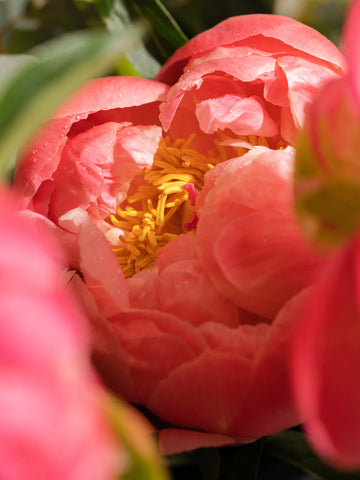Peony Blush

--

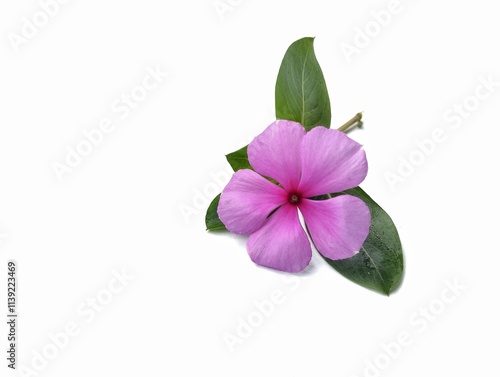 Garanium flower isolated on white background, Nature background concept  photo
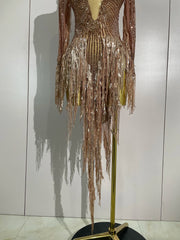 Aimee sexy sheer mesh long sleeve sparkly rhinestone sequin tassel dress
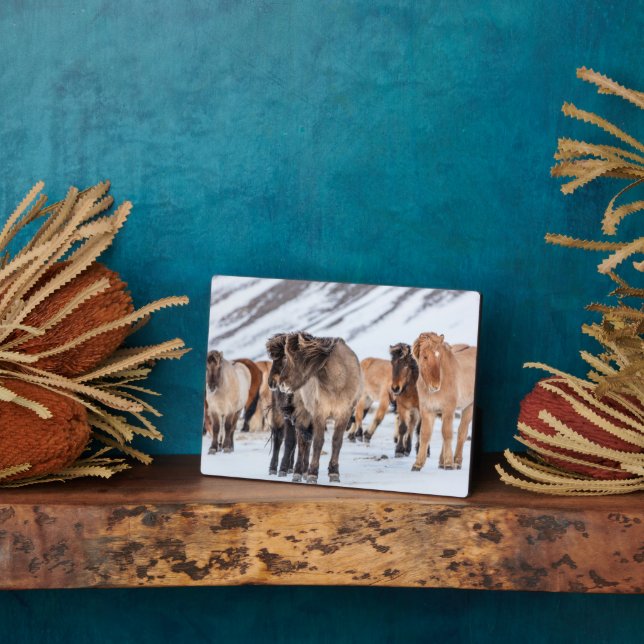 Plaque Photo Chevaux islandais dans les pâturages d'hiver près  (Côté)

* * *

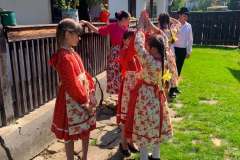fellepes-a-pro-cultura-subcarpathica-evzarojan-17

▸ **EXERCISE BRIEF**:
Using the listing above, repeat word for word each line from the one with "Garanium flower isolated" down to the one with "Plaque Photo Chevaux", both included. Omit all pictures.

▸ **SOLVED PROBLEM**:
 Garanium flower isolated on white background, Nature background concept  photo
 Aimee sexy sheer mesh long sleeve sparkly rhinestone sequin tassel dress
 Plaque Photo Chevaux islandais dans les pâturages d'hiver près  (Côté)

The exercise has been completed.